Şentürk, "Avrupa, Avrupa' diyorlar ama biz Türkiye’ye baktığımızda aradaki farkın dağlar kadar olduğunu görüyoruz. Uzun yıllar Almanya’da yaşadım, aradaki fark tavan yapıyor. Eğitim alanında, sosyal haklar ve temsiliyet alanında olağanüstü bir fark söz konusu. Türkiye'de yaşayan Roman vatandaşların durumu Avrupa'ya göre çok daha iyi. Romanların topluma kazandırılması konusunda Avrupa ülkelerinin Türkiye'deki uygulamaları örnek alması gerekiyor. 4 üniversite bitirmiş bir kızımız var. İstanbul Büyükşehir Belediye Başkanı olmak için adaylığını açıkladı. Aslında bu bile, bizim nerelerde olduğumuzun somut göstergesi." ifadelerini kullandı.
- "Romanlar benim kardeşimdir" diyen bir cumhurbaşkanımız var'
Avrupa ülkeleri ve dünyanın birçok bölgesinde Romanların büyük zorluklar ve haksızlıklara tahammül etme durumunda kaldığını kaydeden Şentürk, "Çok gelişmiş ülkelerde, AB ülkelerinde Romanlara karşı ne derece ırkçı ve ayrımcılıkların yapıldığını hepimiz biliyoruz.
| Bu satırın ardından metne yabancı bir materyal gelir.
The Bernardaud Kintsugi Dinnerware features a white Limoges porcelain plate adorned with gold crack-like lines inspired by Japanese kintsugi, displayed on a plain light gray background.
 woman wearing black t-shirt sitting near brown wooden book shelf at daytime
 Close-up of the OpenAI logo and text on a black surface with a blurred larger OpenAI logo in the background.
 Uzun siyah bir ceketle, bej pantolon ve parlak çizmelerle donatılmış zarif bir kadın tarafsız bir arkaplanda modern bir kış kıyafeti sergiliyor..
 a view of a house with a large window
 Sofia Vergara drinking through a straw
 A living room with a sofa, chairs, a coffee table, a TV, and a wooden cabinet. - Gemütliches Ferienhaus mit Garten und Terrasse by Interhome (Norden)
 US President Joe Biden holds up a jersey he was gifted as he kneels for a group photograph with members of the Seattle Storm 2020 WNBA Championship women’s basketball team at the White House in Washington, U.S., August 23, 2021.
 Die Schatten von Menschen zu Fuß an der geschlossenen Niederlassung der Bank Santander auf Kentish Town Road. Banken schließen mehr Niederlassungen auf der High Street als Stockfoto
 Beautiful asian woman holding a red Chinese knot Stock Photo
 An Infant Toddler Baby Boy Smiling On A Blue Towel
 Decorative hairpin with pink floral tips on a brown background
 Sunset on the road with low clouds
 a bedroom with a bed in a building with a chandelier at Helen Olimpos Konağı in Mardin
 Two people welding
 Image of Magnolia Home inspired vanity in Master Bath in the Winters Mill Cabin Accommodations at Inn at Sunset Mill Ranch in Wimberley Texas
Bizim ülkemizde bu yok. Hangi partiden bakarsanız bakın, iktidarı ve muhalefetiyle Romanların sorunlarına aynı pencereden bakıyorlar. 'Romanlar benim kardeşimdir, ben birinden özür dileyeceksem Romanlardan dilerim' diyecek kadar mütevazı bir cumhurbaşkanımız var." değerlendirmesinde bulundu.
Şentürk, şunları kaydetti:
"Yerel yönetimler de Romanların sorunlarına Avrupa’dan daha ciddi ve farklı yaklaşıyor. 2013 yılında aynı ödülü Kocaeli Belediyesi aldı. Bizim Türkiye’deki etimiz, budumuz ne ki buralara kadar gelelim, birincilik alalım. Ülke olarak hep beraber çalışıyoruz ve çalışmamızın sonucu da ödüllerle geliyor."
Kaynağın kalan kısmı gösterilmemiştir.